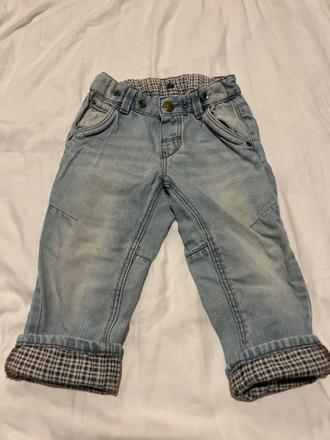 Rifle h&m vel.80, h&m,80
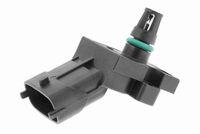 TRICLO 437507 - Sensor, temperatura del aire de admisión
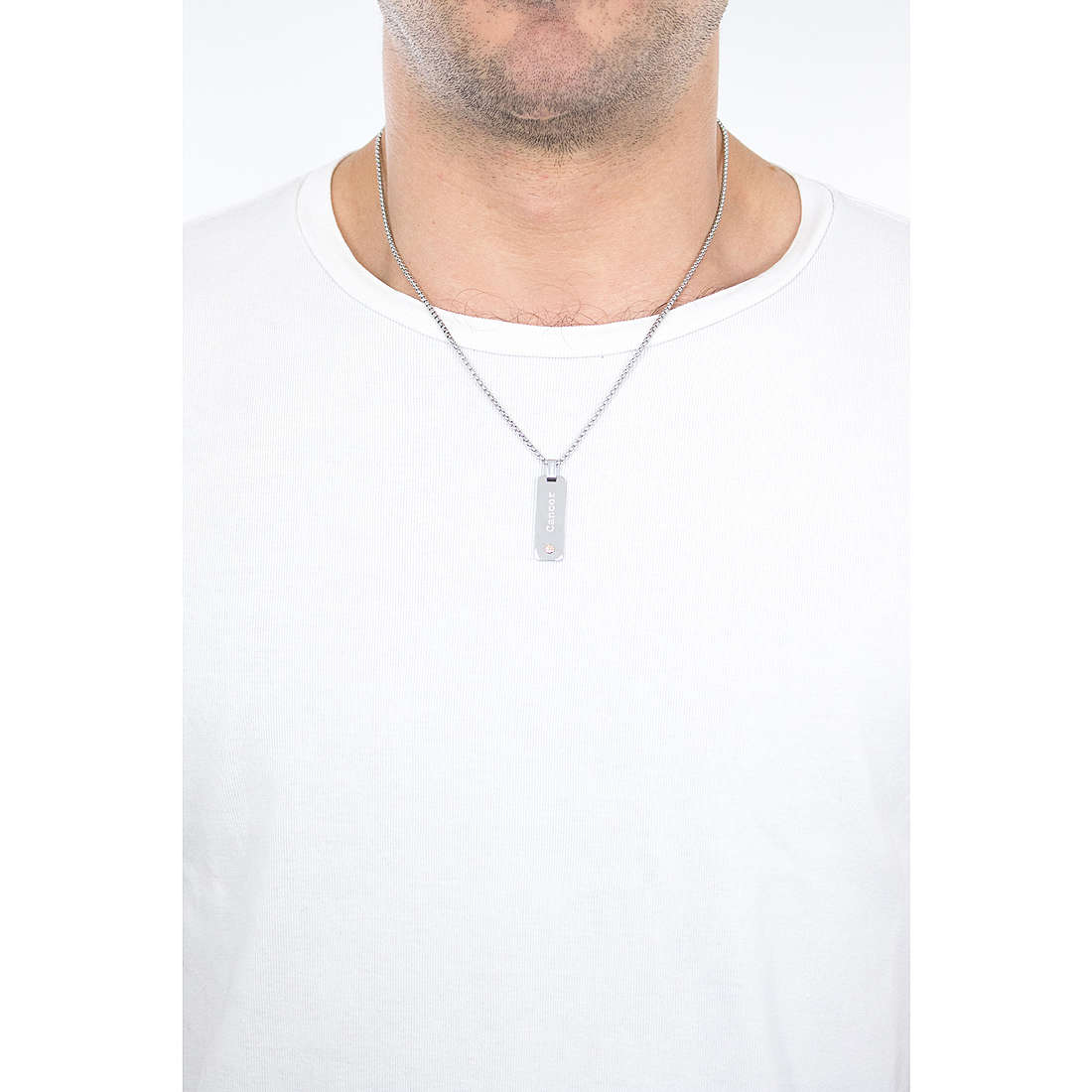 Men's Fashion Necklace BREIL JEWELS Mod. ZODIAC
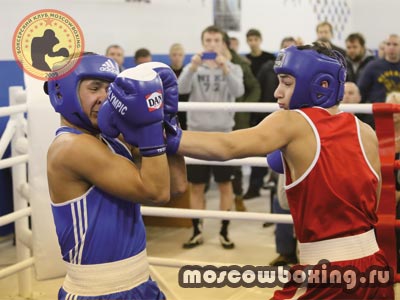 Защита в боксе - Клуб Moscowboxing
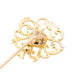 Broche Epingle à cheveux Or jaune Rubis 58 Facettes 2419120CN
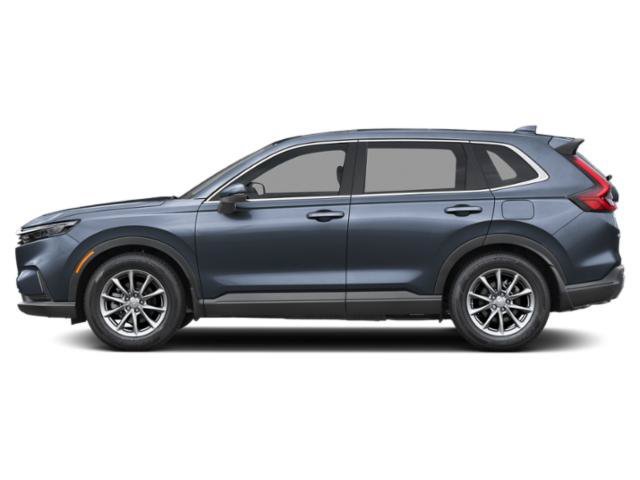 New 2026 Meteorite Gray Metallic Honda EX image 3
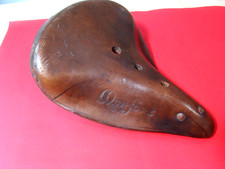 Ancienne selle de vélo "DURFORT"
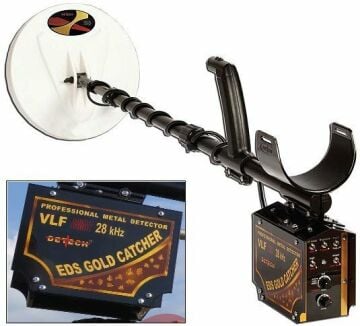 EDS GOLD CATCHER Dedektör (6''+10'' Başlıklı)
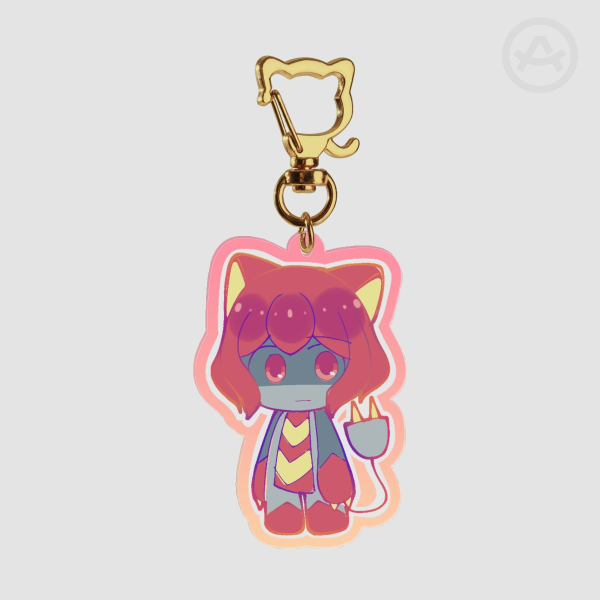 Aka Keychain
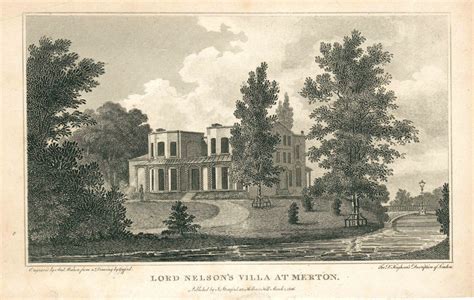 Georgian Merton – MERTON HISTORICAL SOCIETY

Brief.
Give back word for word the lines from the one containing "New 2026 Meteorite" through the final line of the data above. Pictures are to be left out.

Response.
 New 2026 Meteorite Gray Metallic Honda EX image 3
 Ancienne selle de vélo "DURFORT"
 EDS GOLD CATCHER Dedektör (6''+10'' Başlıklı)
 Aka Keychain
 Georgian Merton – MERTON HISTORICAL SOCIETY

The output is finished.